Schmidt explained in a blog that the purpose of selecting three priority areas is to focus the federal government’s efforts on implementing the most cost-effective cybersecurity controls for federal information system security.
“Federal departments and agencies must defend their information systems in a resource-constrained environment, balancing system security and survivability while meeting numerous operational requirements requires robust risk management”, Schmidt wrote.
In the area of trusted internet connections, the federal government intends to consolidate external network connections and ensure there is a set of baseline security capabilities for situation awareness and enhanced monitoring.
For continuous monitoring, the federal governments wants to transform the static security control assessment and authorization process into a dynamic risk mitigation program. As part of that effort, the US government is deploying Einstein 3, which is a network intrusion detection and prevention system. Einstein 1 and 2 focused on intrusion detection, while Einstein 3 will also prevent intrusions.
For strong authentication, the government is deploying federal smartcard credentials that provide multifactor authentication and digital signature and encryption capabilities.

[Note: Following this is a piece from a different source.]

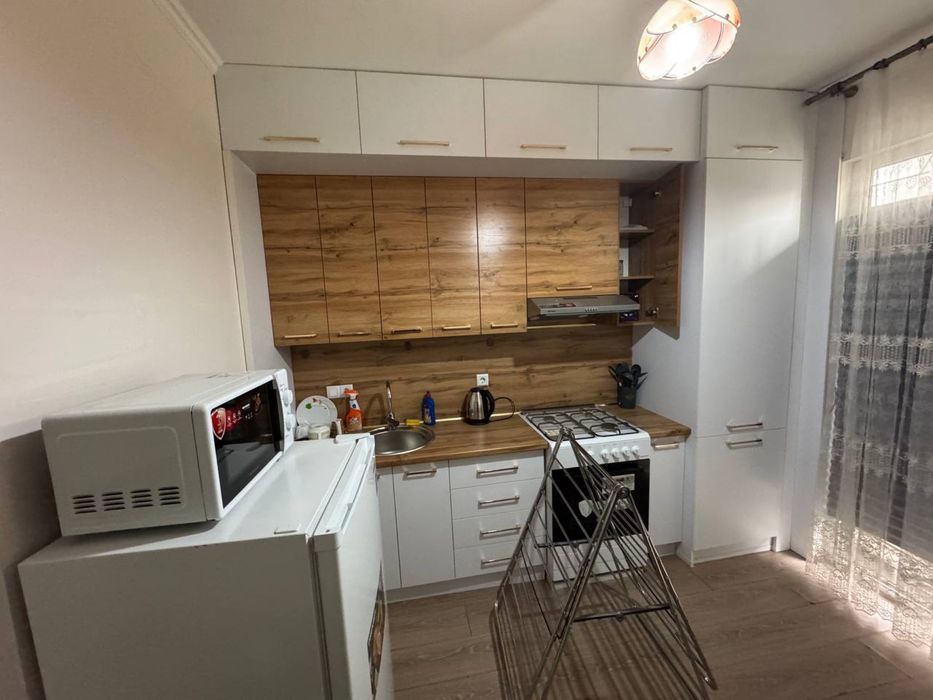 Махтумкулида 1 хонали квартира. Узок муддатли квартира. Маклерсиз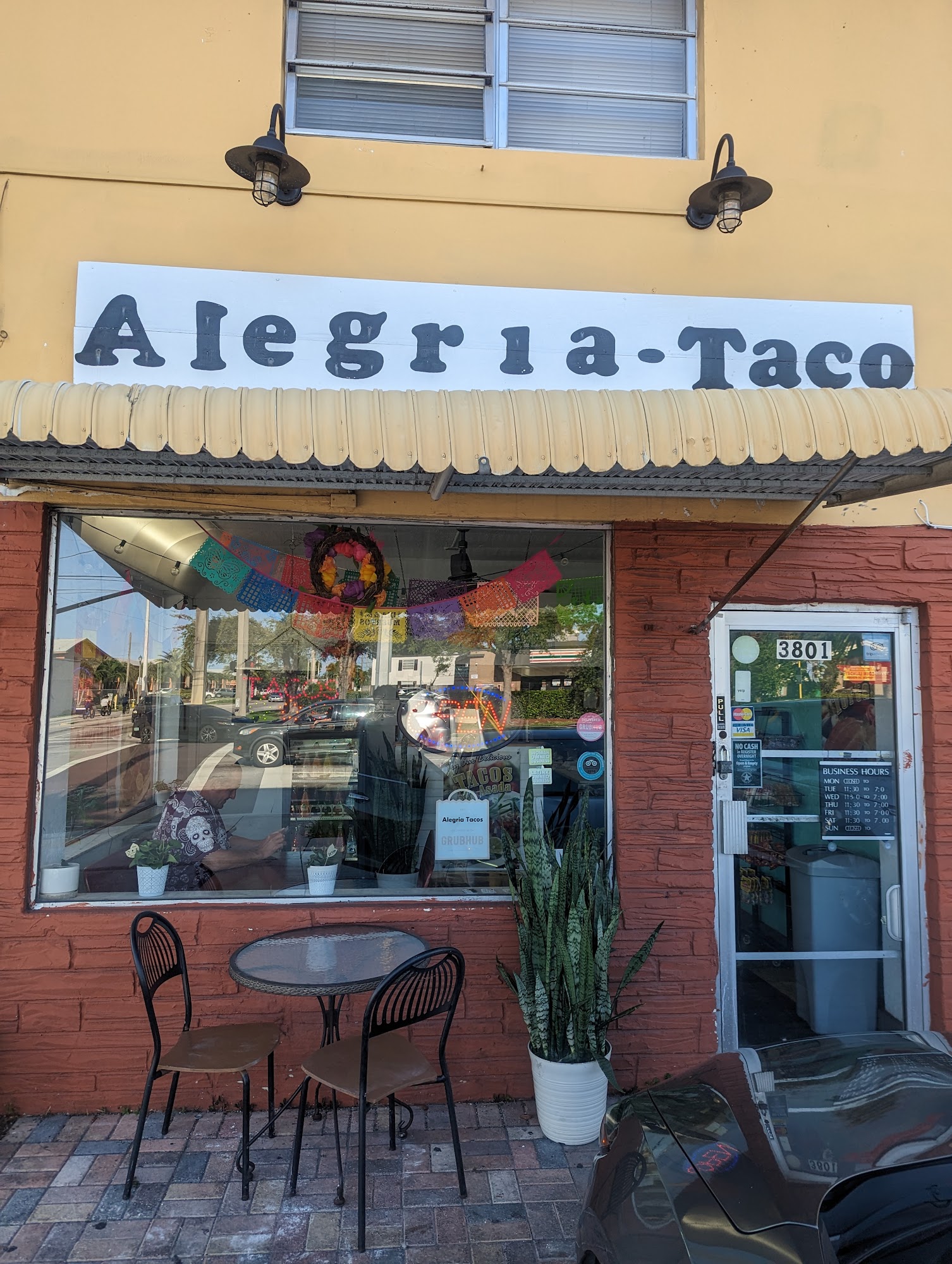 Alegria Taco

To implement these priorities, Schmidt said he is leading a cross-agency priority (CAP) cybersecurity goal, one of a limited number of CAP goals for both crosscutting policy and government-wide management areas, as required under the Government Performance and Results Modernization Act of 2010.
These priorities are also integrated in the Fiscal Year 2011 Federal Information Security Management Act (FISMA) report and FY 2012 FISMA metrics, Schmidt related.